= EXERCISE BRIEF =
Using the listing below, copy exactly each line from the one that has "In this video" through the one that has "I want to introduce"; omit the pictures.

= DATA SHOWN =

^^^^

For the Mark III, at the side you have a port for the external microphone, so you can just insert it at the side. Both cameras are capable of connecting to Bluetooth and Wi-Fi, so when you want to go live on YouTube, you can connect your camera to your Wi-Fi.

^^^^

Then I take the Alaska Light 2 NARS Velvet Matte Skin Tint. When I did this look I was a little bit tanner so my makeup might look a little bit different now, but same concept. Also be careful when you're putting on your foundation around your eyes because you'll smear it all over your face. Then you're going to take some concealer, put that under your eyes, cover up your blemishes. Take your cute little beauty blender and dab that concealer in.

^^^^

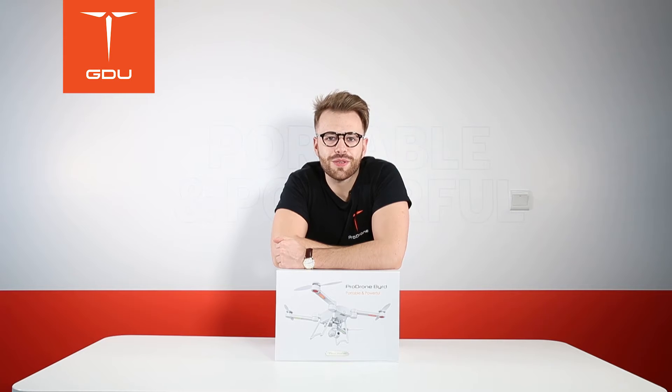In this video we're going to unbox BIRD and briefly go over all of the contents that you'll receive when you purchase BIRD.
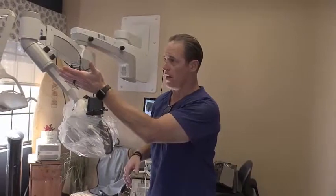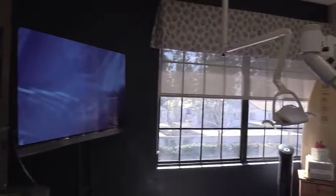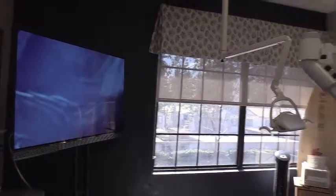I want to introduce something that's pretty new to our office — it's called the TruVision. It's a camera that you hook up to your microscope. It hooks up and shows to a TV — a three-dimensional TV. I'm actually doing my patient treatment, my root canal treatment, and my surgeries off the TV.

^^^^

= YOUR SOLUTION =
In this video we're going to unbox BIRD and briefly go over all of the contents that you'll receive when you purchase BIRD.
I want to introduce something that's pretty new to our office — it's called the TruVision. It's a camera that you hook up to your microscope. It hooks up and shows to a TV — a three-dimensional TV. I'm actually doing my patient treatment, my root canal treatment, and my surgeries off the TV.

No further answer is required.